Maralee Schwartz, a Shorenstein Center Fellow at Harvard University, has written a report titled “Getting It for Free: When Foundations Provide the News on Health.” (35-page PDF)
She points out that using stories produced by nonprofit foundations “raises questions that go to the heart of the journalistic enterprise and its role in American democracy: Does the very availability of content about a pet issue of a particular foundation mean that coverage will be skewed? Does nonprofit journalism mean lower standards? How does a newspaper safeguard integrity and independence?”
The report also looks at the economic challenges that editors are facing, including the results of a survey AHCJ and the Kaiser Family Foundation did in March.
Schwartz, formerly a political reporter and editor at The Washington Post, takes a close look at Kaiser Health News.
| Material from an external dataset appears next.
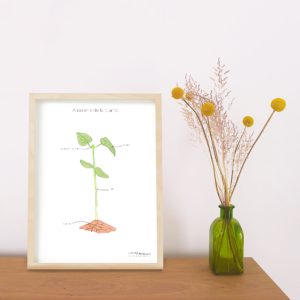 Affiches Anatomie de la plante + Affiches à compléter (inclus dans le Pack Plante) – PDF à télécharger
Schwartz also writes about efforts in various states to create nonprofit organizations to do health reporting, including the Center for California Health Care Journalism, which first partnered with the Merced Sun Star for a project. Other similar projects include the Kansas Health Institute News Service and Health News Florida.
The report includes interviews with reporters and editors at the nonprofit organizations and at newspapers that have used their work, including AHCJ board member Karl Stark.
Schwartz concludes that “Most of the experts interviewed expressed hope that this trend can be supported. They also agreed that objections about the dilution of independence and journalistic standards can be addressed by developing odes of conduct, for lack of a better phrase, so that both editors and readers can have confidence in the work produced by Kaiser or ProPublica, or a variety of other nonprofits.”